Don’t Mess About with Money

Don't mess about with moneyThere is nothing more poisonous to culture and therefore to retention than a sense that people are being treated unfairly money wise. You simply can’t afford to mess about here.

What this means is that you need to put the needs of your current staff (who, you know, you’re trying to retain), ahead of someone who doesn’t work for you yet.

It means that if you are bringing in someone to work as a peer with existing staff, their salary must be in line. And sometimes this means you will lose out on good people, either because you assess them at a lower level than they assess themselves, or because you are simply not paying enough. In the latter case, since you care about retention you need to have a serious think about giving everyone a boost. Expensive stuff.

But it is worse than that.
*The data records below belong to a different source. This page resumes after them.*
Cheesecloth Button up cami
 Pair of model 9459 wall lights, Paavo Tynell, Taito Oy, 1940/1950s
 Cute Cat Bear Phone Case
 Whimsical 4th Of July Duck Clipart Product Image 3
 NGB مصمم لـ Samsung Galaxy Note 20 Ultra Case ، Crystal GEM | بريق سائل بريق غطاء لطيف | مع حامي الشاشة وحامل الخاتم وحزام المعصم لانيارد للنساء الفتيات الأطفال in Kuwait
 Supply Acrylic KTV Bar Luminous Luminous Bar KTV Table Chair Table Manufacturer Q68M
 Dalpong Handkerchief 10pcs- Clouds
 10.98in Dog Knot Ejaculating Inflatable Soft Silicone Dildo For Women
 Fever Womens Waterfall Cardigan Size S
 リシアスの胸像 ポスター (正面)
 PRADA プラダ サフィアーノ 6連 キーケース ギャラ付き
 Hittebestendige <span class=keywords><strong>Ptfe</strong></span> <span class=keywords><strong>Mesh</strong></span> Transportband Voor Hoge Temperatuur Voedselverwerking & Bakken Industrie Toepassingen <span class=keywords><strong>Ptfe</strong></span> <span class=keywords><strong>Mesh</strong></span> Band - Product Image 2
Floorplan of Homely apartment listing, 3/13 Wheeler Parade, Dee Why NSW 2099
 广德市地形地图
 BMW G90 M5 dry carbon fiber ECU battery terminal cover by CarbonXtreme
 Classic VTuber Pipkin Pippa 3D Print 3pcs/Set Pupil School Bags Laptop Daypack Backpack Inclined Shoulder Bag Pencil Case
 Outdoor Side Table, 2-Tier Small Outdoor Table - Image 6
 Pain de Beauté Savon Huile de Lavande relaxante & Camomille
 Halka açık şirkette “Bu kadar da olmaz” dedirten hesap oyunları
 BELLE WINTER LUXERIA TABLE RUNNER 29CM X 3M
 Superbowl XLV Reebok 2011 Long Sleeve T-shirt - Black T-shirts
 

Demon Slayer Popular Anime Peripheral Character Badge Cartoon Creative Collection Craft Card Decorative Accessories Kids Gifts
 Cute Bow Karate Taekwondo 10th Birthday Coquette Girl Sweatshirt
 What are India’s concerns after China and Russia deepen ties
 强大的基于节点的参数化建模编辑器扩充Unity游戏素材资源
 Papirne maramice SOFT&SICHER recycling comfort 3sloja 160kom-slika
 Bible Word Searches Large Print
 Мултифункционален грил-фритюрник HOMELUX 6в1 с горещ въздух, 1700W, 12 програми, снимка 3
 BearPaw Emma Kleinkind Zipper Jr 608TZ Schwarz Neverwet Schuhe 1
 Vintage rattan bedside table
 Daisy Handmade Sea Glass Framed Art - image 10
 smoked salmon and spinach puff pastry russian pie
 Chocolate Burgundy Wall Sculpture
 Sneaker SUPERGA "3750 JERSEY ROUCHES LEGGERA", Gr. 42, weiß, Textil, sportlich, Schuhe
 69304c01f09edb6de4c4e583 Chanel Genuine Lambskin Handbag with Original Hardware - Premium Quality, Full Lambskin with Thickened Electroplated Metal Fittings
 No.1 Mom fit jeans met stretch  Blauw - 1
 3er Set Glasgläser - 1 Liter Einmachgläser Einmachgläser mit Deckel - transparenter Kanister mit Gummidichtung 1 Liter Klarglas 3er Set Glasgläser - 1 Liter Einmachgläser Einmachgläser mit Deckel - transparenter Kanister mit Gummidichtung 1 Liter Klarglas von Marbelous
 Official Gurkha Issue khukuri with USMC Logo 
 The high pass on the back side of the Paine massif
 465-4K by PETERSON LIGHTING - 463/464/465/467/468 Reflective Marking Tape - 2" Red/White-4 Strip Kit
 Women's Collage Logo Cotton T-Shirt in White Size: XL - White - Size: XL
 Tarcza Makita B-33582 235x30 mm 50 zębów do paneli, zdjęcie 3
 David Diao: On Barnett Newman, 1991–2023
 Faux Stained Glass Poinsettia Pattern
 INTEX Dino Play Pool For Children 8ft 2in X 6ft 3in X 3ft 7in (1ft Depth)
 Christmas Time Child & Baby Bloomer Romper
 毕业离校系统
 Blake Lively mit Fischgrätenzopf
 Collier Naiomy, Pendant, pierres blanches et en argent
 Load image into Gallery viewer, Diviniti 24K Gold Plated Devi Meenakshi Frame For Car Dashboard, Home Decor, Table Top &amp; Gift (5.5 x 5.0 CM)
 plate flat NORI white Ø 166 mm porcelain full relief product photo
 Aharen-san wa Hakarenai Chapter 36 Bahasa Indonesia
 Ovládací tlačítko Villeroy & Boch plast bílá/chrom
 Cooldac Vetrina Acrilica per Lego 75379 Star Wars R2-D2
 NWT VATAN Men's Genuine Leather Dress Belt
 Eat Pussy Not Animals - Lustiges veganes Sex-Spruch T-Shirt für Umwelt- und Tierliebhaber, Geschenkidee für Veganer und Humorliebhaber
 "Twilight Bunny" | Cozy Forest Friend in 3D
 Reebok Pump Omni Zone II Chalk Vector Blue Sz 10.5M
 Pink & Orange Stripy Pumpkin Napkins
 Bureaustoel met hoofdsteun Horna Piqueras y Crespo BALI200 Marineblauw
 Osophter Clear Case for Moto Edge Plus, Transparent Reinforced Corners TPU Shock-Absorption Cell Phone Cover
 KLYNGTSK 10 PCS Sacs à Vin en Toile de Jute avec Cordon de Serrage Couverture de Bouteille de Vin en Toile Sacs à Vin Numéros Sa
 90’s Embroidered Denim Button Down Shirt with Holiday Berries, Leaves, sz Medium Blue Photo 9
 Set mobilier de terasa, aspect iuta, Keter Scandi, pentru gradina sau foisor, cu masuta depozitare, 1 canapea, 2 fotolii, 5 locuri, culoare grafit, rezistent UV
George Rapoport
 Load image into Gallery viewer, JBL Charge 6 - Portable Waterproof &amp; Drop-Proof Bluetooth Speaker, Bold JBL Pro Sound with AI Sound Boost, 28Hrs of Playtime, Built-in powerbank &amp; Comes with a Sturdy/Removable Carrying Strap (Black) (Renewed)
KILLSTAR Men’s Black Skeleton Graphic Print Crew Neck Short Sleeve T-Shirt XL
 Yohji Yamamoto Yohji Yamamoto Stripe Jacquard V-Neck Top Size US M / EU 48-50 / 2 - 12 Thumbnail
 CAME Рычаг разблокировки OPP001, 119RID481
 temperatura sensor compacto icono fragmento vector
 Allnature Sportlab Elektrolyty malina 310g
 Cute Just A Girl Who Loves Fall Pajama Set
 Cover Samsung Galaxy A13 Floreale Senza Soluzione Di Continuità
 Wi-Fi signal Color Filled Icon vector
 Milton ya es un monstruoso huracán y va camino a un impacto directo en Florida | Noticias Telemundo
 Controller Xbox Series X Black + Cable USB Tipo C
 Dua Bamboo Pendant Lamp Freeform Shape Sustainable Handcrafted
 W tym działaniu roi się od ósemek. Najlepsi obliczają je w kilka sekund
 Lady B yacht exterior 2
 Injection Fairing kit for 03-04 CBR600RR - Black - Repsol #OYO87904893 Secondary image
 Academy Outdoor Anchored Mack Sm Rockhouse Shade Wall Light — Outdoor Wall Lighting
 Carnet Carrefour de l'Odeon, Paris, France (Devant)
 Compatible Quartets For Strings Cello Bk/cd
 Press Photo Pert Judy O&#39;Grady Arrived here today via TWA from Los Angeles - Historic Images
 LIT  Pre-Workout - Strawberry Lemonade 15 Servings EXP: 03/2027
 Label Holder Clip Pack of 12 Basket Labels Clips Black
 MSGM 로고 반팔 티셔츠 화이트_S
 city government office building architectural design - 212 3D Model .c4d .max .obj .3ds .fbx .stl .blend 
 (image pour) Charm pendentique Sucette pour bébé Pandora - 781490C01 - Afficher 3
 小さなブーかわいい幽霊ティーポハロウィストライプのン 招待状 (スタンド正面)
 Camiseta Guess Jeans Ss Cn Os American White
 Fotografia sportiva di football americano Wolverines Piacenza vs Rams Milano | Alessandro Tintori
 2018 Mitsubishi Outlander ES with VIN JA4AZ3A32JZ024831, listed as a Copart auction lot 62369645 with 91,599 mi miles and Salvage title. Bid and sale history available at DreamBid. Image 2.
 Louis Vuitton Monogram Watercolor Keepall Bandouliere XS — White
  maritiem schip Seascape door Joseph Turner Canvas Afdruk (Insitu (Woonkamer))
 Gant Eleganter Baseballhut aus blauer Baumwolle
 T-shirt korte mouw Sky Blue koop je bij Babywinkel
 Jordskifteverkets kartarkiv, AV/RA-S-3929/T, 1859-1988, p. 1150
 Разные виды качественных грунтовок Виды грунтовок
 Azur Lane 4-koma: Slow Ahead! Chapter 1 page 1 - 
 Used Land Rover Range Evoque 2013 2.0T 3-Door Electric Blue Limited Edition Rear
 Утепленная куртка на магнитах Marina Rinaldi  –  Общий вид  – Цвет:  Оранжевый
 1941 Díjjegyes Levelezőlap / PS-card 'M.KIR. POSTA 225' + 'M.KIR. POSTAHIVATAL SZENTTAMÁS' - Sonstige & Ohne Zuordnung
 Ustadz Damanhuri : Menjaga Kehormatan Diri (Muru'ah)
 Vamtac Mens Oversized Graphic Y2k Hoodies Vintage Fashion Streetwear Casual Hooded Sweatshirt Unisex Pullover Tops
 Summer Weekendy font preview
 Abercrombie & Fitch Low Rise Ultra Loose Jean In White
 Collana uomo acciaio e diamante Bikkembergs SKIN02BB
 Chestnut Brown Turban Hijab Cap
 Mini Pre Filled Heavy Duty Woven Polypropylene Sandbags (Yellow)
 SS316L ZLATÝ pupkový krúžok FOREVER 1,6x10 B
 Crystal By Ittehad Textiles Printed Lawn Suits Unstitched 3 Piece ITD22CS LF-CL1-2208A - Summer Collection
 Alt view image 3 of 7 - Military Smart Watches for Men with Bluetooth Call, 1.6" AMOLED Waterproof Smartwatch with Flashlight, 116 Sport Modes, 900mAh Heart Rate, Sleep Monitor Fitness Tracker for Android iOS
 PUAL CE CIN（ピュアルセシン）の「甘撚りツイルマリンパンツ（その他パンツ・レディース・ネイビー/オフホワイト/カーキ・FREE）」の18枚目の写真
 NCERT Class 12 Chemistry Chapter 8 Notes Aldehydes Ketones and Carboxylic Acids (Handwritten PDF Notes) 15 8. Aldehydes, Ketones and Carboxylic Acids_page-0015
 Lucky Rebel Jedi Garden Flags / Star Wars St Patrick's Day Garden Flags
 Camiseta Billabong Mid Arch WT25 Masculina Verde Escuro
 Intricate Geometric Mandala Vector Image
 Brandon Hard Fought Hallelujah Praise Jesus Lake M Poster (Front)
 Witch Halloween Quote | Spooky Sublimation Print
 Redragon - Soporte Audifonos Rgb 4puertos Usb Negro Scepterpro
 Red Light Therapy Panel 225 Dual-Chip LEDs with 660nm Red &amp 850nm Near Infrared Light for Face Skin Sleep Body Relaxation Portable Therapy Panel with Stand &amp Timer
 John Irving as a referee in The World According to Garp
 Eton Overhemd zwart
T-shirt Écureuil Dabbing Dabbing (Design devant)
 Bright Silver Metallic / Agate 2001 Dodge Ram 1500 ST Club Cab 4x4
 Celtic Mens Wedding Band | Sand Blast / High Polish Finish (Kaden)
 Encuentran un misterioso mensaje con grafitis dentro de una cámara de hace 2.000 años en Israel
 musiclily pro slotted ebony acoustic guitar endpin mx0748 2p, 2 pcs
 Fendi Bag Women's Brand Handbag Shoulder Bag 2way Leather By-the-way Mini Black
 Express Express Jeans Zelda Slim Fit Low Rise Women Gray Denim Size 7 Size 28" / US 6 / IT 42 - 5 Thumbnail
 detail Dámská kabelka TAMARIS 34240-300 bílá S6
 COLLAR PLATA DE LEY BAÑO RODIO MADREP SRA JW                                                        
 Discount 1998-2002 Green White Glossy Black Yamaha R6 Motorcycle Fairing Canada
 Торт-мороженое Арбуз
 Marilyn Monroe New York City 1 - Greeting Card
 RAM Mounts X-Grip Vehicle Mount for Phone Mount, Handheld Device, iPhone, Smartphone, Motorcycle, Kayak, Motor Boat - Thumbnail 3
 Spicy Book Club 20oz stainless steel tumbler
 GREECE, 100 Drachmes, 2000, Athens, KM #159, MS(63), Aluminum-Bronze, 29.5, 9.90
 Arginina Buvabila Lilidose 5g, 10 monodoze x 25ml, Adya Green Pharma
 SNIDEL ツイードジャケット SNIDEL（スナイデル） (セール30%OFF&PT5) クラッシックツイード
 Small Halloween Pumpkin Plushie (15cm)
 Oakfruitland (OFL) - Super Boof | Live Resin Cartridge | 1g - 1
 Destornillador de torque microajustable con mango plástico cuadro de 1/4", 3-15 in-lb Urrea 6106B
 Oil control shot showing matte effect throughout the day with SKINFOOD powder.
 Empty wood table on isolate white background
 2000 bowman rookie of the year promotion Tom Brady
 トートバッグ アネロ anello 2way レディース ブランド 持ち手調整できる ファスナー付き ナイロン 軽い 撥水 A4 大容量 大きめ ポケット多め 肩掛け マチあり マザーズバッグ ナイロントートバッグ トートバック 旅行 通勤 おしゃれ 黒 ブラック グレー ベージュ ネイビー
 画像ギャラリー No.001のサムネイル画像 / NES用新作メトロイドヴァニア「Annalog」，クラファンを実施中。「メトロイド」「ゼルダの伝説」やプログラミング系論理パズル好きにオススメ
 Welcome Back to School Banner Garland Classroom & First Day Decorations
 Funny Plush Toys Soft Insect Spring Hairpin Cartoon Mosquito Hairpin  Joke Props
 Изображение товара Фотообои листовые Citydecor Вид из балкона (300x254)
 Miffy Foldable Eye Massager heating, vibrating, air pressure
You’ve just spent weeks, perhaps months unearthing a unicorn, you’ve sold them on the mission, they’re a great fit, you offered them a package that is realistic and in line with the rest of the team and, quite reasonably, they want to negotiate.

For the sake of a few thousand dollars you could lose this candidate. But if you do so you are rewarding people joining the company not for their skills to do the job but their skills as a negotiator. It is an understatement to say that your best engineers will not be your best negotiators.

Some people say, ‘oh it is fine’, negotiate and then balance things out at the next review. But this means penalising someone who has already worked for you for perhaps a year. Salary doesn’t really work in absolutes, it is much more about relative change.

This is really tricky stuff to get right, and you will certainly lose good people to money if you peg to your current team and stand firm on negotiation.

Conclusions

Companies that can hire for retention have a clear advantage, over those that do not. But optimising for highly productive durable teams, means losing out on good candidates capable of doing the job.

Traditional approaches to recruitment typically do not consider the long term goal of building highly productive durable teams. In fact optimising for this goal would lead to recruiters appearing less effective since they would take longer to hire.

The question at the heart of the article is this. If I’m right about retention being key, and I’m right about existing structures actively encouraging short term gains at the expense of long term retention, then how should organisations evolve to support this need. How should recruiters, HR and management adapt to a world where retention is considered key?